Texans' Justin Reid: I support Colin Kaepernick, I support my brother

HOUSTON -- Houston Texans safety Justin Reid said Nike's new ad campaign featuring Colin Kaepernick means a lot to him, and that he supports the former NFL quarterback.

Reid's brother, Eric, was the first San Francisco 49ers player to take a knee alongside Kaepernick in 2016 during the national anthem in protest of racial inequality and police brutality. Kaepernick is suing team owners for allegedly colluding to keep him out of the NFL. In May, Eric Reid also filed a collusion grievance against the NFL regarding his employment status.

Nike's new ad reads, "Believe in something. Even if it means sacrificing everything."

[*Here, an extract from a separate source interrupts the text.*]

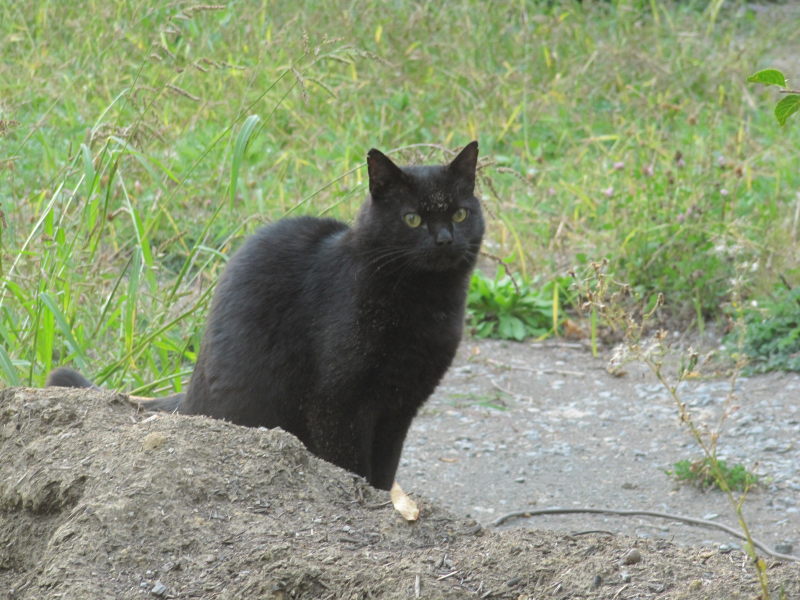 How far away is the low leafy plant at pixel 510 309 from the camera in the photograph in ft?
17.5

"I feel like I've lived through this before, just being close to my older brother and seeing him go through it when he was with the 49ers," Justin Reid said. "As for me, I support Colin, I support my brother, I support the stance that he's taking."

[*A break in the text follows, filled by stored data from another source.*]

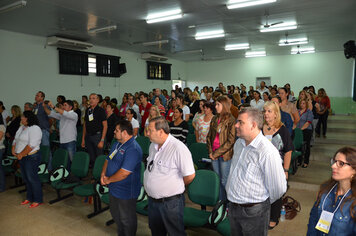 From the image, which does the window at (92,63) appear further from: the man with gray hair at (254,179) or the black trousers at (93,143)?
the man with gray hair at (254,179)

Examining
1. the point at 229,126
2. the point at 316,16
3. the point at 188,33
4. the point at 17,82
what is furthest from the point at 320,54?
the point at 17,82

Reid said he had a "big smile come across my face" when he saw the Nike ad debut on Monday, because he appreciates that the company is refocusing the conversation about Kaepernick.

"Colin is the embodiment of the movement and the change that we're trying to have people realize," Reid said. "One of the biggest issues that we're having right now is the narrative of the story is being hijacked. People are trying to make it about the anthem, people are trying to make it about the military. It is not about the anthem, it is not about the military.

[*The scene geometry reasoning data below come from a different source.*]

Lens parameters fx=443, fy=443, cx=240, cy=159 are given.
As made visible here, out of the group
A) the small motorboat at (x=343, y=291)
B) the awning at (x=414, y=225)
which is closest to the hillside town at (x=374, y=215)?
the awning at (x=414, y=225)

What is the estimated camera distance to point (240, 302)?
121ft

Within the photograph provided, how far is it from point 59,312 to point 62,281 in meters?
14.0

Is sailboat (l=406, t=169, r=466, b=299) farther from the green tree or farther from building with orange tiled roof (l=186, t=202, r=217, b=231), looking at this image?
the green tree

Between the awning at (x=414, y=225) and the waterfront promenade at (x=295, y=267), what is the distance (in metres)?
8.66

"I have family that was deployed in the military. I have all the respect in the world for everyone who puts on those colors and does those things. The point of the topic is police brutality and that type of thing. And that narrative has been hijacked, to where people are trying to pull the story in all types of different directions. The battle right now is control of the narrative and keeping it relevant."

Former Texans left tackle Duane Brown raised his first before a game in 2016 to protest police brutality. The majority of the team took a knee during the national anthem before the Texans played the Seahawks last October, after an ESPN The Magazine story reported that, during an owners meeting, Texans owner Bob McNair said, "We can't have the inmates running the prison" in reference to ongoing player demonstrations.

Reid said he does not plan to take a knee or protest during the national anthem before Sunday's 1 p.m. ET season opener against the New England Patriots.

"I've come here -- and I come here to play football and do my best -- but I have feelings about certain things and certain topics, and I have a right to express them, the same way that those people who have backlash at me have a right to express their opinion," Reid said. "I know Colin personally, and to see him continue to be that symbol of change we are trying to bring into the country, it is very cool to see."